MapTD is a convolutional neural network model for text detection written in Tensorflow. It is engineered for operating on mixed text/graphics documents, such as maps.
The code is a derivative of @argman's implementation of EAST: An Efficient and Accurate Scene Text Detector by Zhou et al.
Like argman's EAST code, the network backbone is Resnet-50, with a dice loss (whereas the EAST paper uses PVANet with balanced cross-entropy loss).
This model uses a semantically-grounded orientation for the rectangles, so that it learns to produce rectangle sides in a specific order (i.e., text baseline, right, text top, left).
The package requires Tensorflow >=1.12 and the other Python
dependencies listed in requirements.txt
:
pip install -r requirements.txt
The MapTD network consists of four distinct parts.
First, the algorithm extracts four internal convolutional feature maps from the ResNet-50 backbone---which are 1/32, 1/16, 1/8, and 1/4 of the size of the input image. Then, these feature maps are merged in the following way. Sequentially, each feature map is concatenated with a version of the previous merged feature maps that has been doubled in size through bilinear upsampling. The result is bottlenecked with a 1x1 convolution (decreasing the number of channels) and a 3x3 feature-fusing convolution. Finally, once all ResNet-50 four feature maps have been encorporated into the merged tensor, a 3x3 convolution is applied to produce the final feature map for the output layers.

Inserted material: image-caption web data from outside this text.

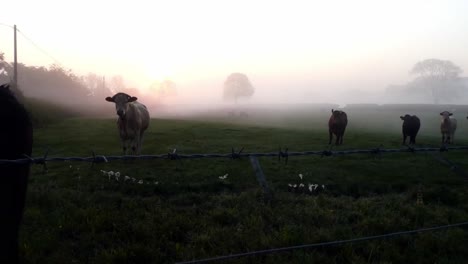 glowing foggy morning sunrise cow herd silhouette cattle grazing in farming countryside rural scene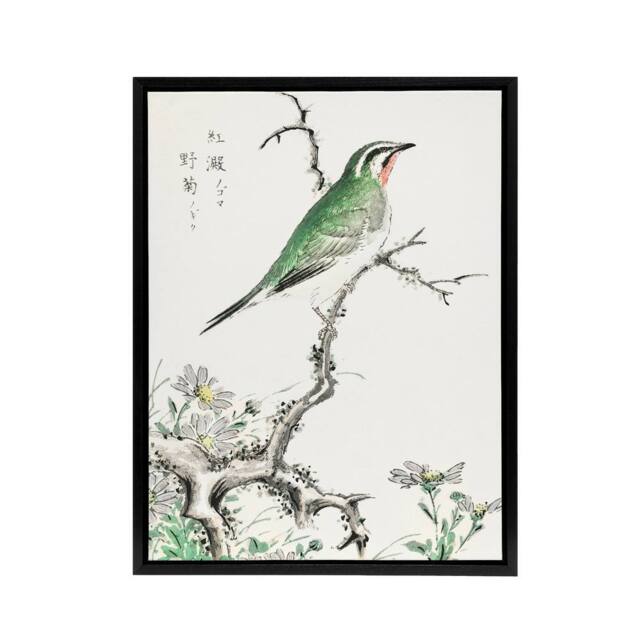 "Artery8 Ruby Throat Bird & Wild Camomile Framed Canvas Wall Art Print Kashu - Size: W12"" x H16""" - image 1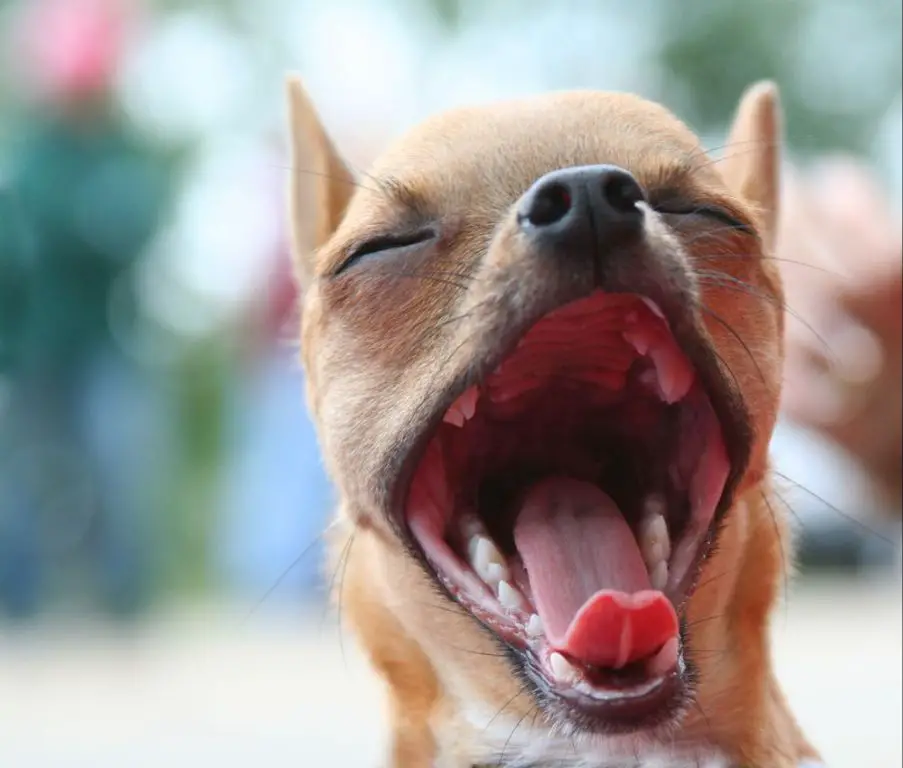 a puppy yawning to show its teeth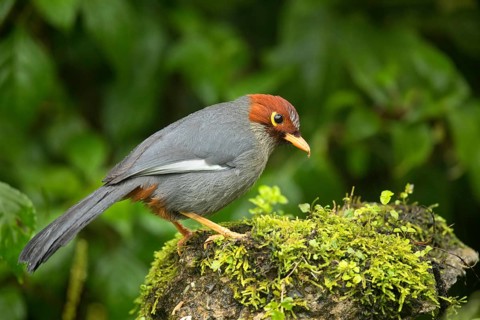 Chestnut-hooded Laughingthrush (Garrulax treacheri) perched on mossy ground, Sabah, Malaysia
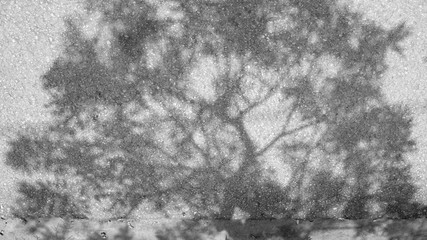 Shadow of tree on the road. Black and White tone.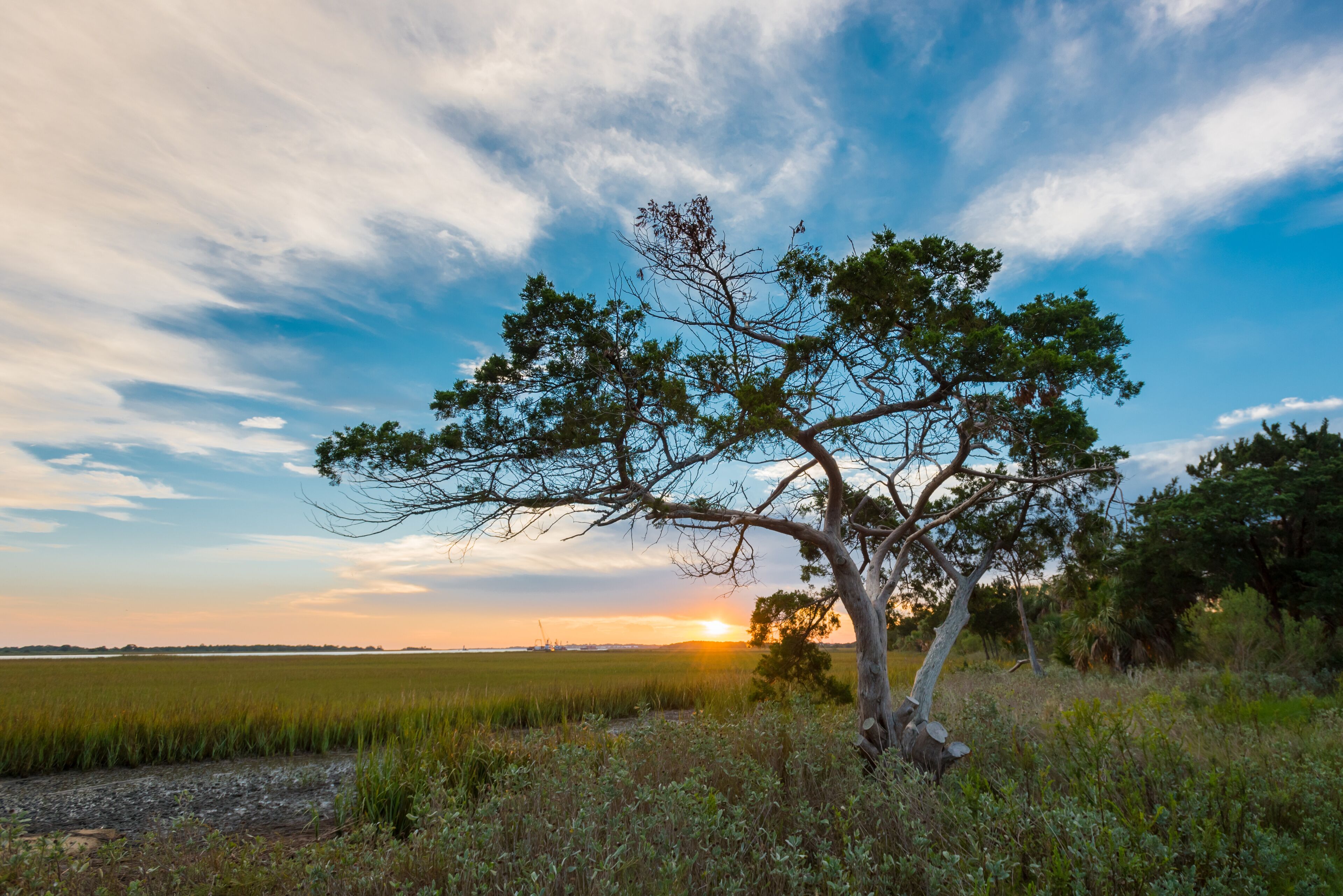 Tree at Sunrise on Tybee Island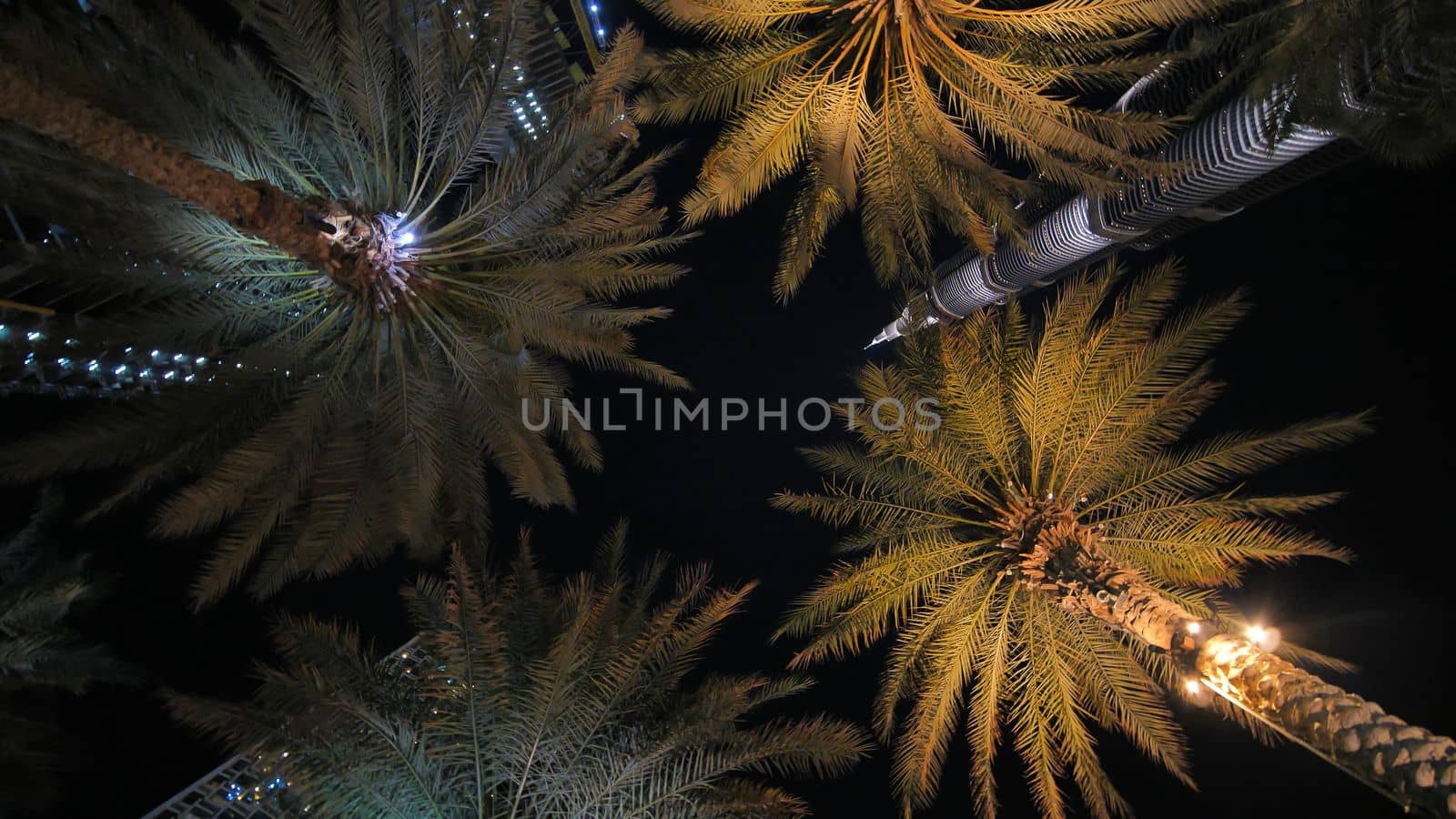 Garlands shine on the palm trees in Dubai at night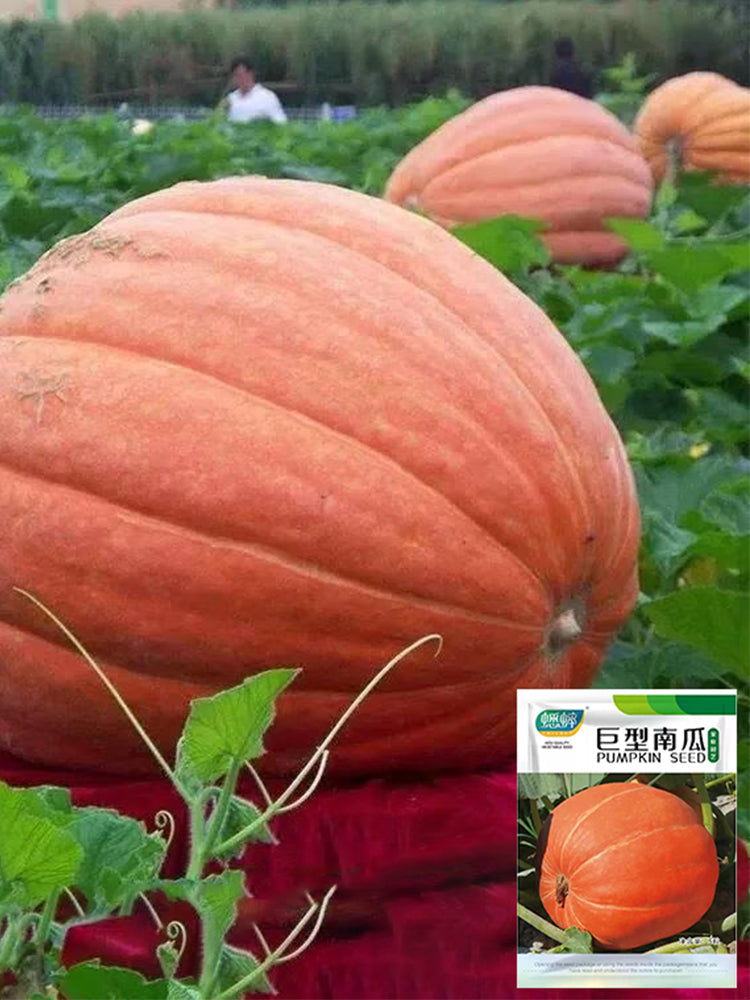 Giant Pumpkins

The feature map for the output layers is manipulated to produce three independent output layers with the following values at each output location:
- A score indicating the probability that text is present for each point in the map (fully connected layer with a sigmoid).
- Box geometry specifying the distance to the edges of a rotated, rectangular bounding box (fully connected layer with a sigmoid for stability, scaled by a constant to the fixed maximal ).
- Angle of rotation for the bounding box (fully connected layer with arctan).
MapTD associates a loss function with each of the three output layers. The score map is learned with Dice loss, an IOU loss governs the box geometry map, and rotation angle loss is defined to be cosine loss.
Finally, to minimize redundant boundary boxes with relative efficiency, MapTD uses Locality-Aware Non-Maximal Suppression which iteratively merges rectangles, weighted by average score row by row before applying a standard Non-Maximal Suppresion algorithm.
This code requires the "Locality-Aware Non-Maximal Suppression" (LANMS) of the original paper's author, as provided by argman/EAST. On Linux, it is automatically when running the code, but to explicitly compile:
cd maptd
make -C lanms
To compile on Windows, see EAST issue #120
Training is accomplished in train.py
. Simply point the command-line
flags to the correct training data (data should be in JSON format with
"points" and optional "text" label) and run the script.
Pre-trained model checkpoints at DOI:11084/23329 are used to produce results in the following paper:
Weinman, J. et al. (2019) Deep Neural Networks for Text Detection and Recognition in Historical Maps. In Proc. ICDAR.
Using a train model can involve two steps: running the learned model to produce predictions and running a separate evaluation against ground truth to calculate resulting statistics.
To predict, run predict.py
setting any needed flags, including the
path to the store model and input image locations. It produces a text
file for each image storing the detected rectangles and (optionally) a
visualization of the rectangles.
Run evaluate.py
to calculate precision, recall, f-score, and average
precision of the predictions.
- When documentation references (i,j) coordinates, 'i' corresponds to row number and 'j' corresponds to column number. In the case of (x,y) coordinates, 'x' refers to column number and 'y' refers to row number.
Please cite the following paper if you use this code in your own research work:
@inproceedings{ weinman19deep,
author = {Jerod Weinman and Ziwen Chen and Ben Gafford and Nathan Gifford and Abyaya Lamsal and Liam Niehus-Staab},
title = {Deep Neural Networks for Text Detection and Recognition in Historical Maps},
booktitle = {Proc. IAPR International Conference on Document Analysis and Recognition},
month = {Sep.},
year = {2019},
location = {Sydney, Australia},
doi = {10.1109/ICDAR.2019.00149}
}
Contributions are documented in (AUTHORS.md) and (CREDITS).
This work was supported in part by the National Science Foundation under grant Grant Number 1526350.